What is required: Of the entries below, repeat exactly only those lines from the one containing "Wayfarer 2140 Model" through the last line, with pictures omitted.

Supplied data:
..........
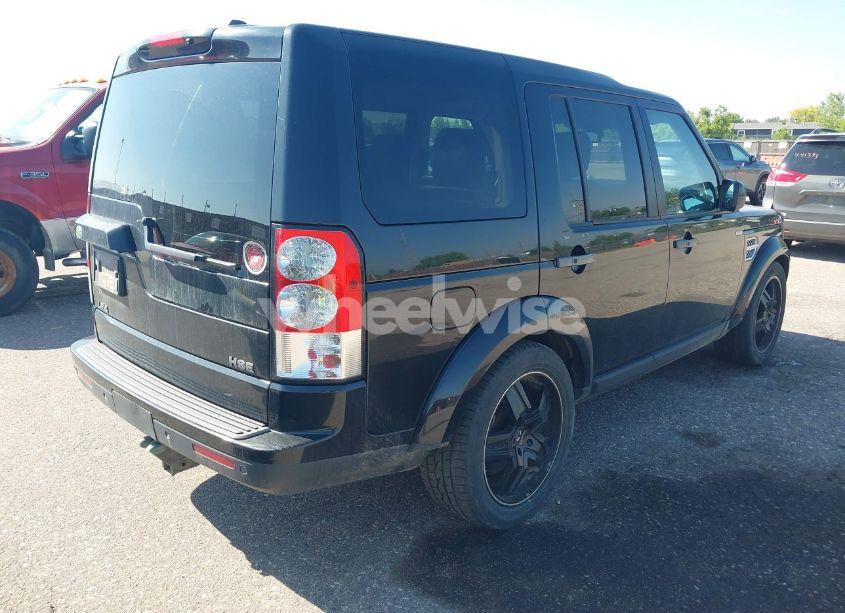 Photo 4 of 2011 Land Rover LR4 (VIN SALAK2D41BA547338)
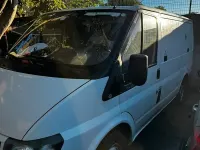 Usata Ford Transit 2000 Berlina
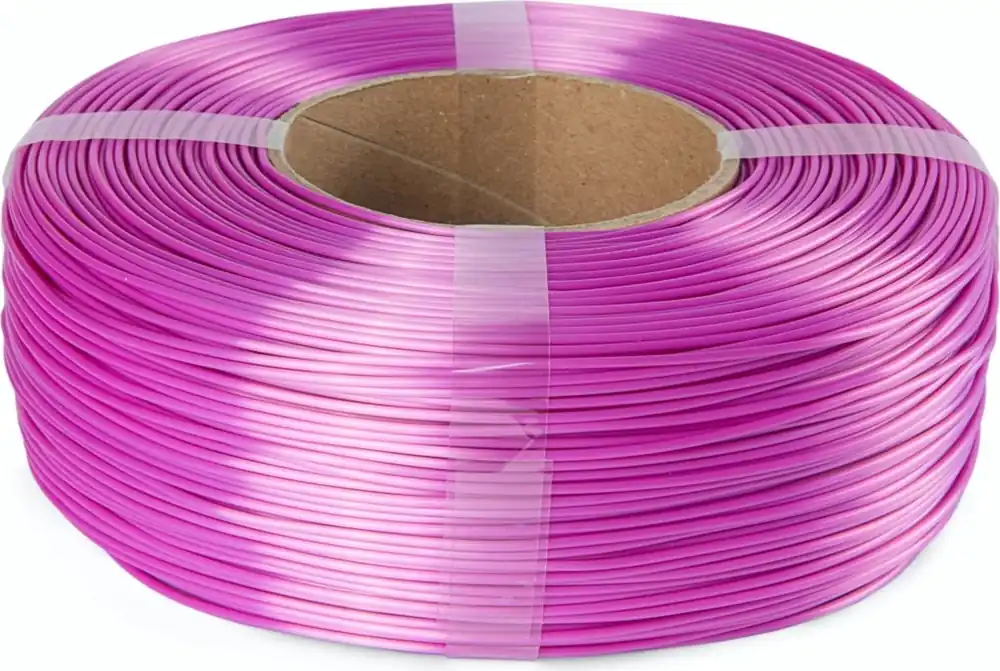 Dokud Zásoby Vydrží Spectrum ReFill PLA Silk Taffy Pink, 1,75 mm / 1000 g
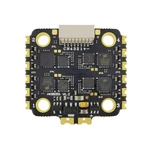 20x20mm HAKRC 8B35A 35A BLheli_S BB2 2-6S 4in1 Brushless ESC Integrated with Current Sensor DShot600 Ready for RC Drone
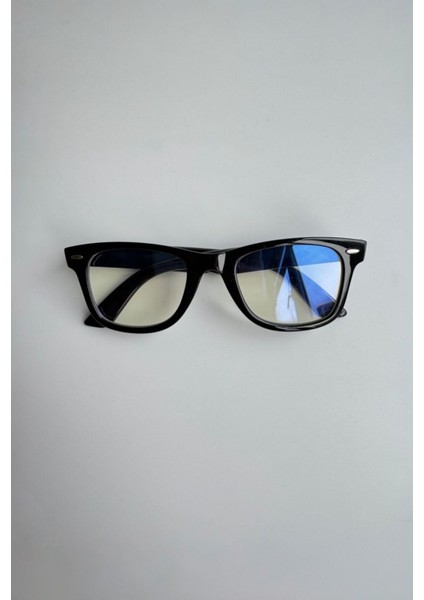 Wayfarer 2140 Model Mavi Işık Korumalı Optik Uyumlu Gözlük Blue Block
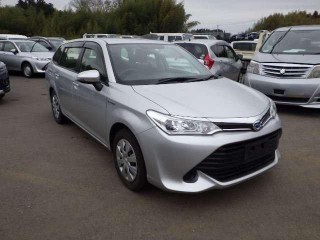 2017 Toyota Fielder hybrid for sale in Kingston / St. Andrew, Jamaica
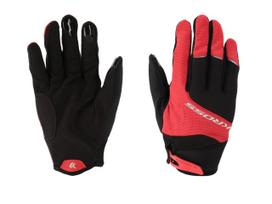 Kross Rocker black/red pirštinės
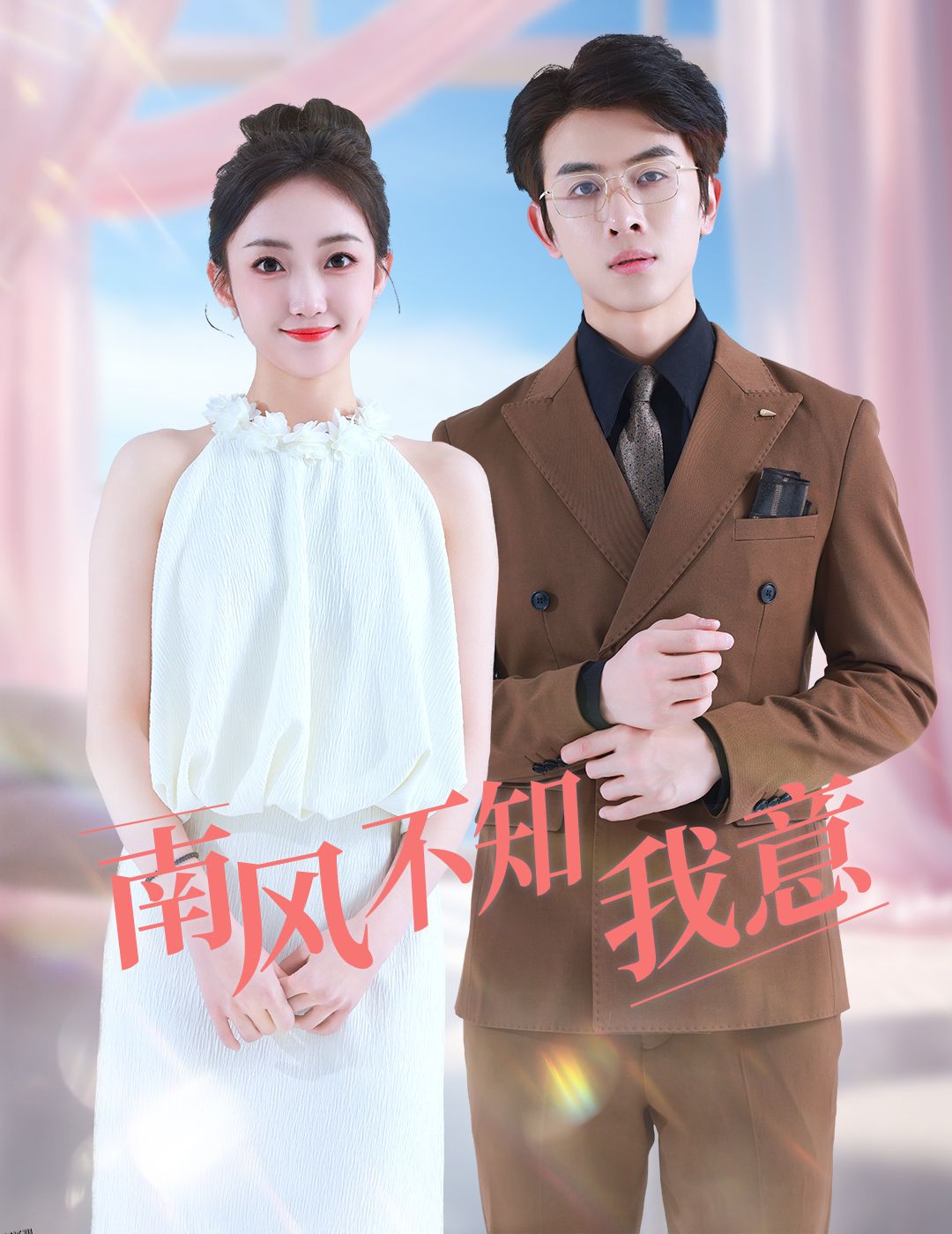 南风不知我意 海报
..........
Written answer:
 Wayfarer 2140 Model Mavi Işık Korumalı Optik Uyumlu Gözlük Blue Block
 2017 Toyota Fielder hybrid for sale in Kingston / St. Andrew, Jamaica
 Kross Rocker black/red pirštinės
 南风不知我意 海报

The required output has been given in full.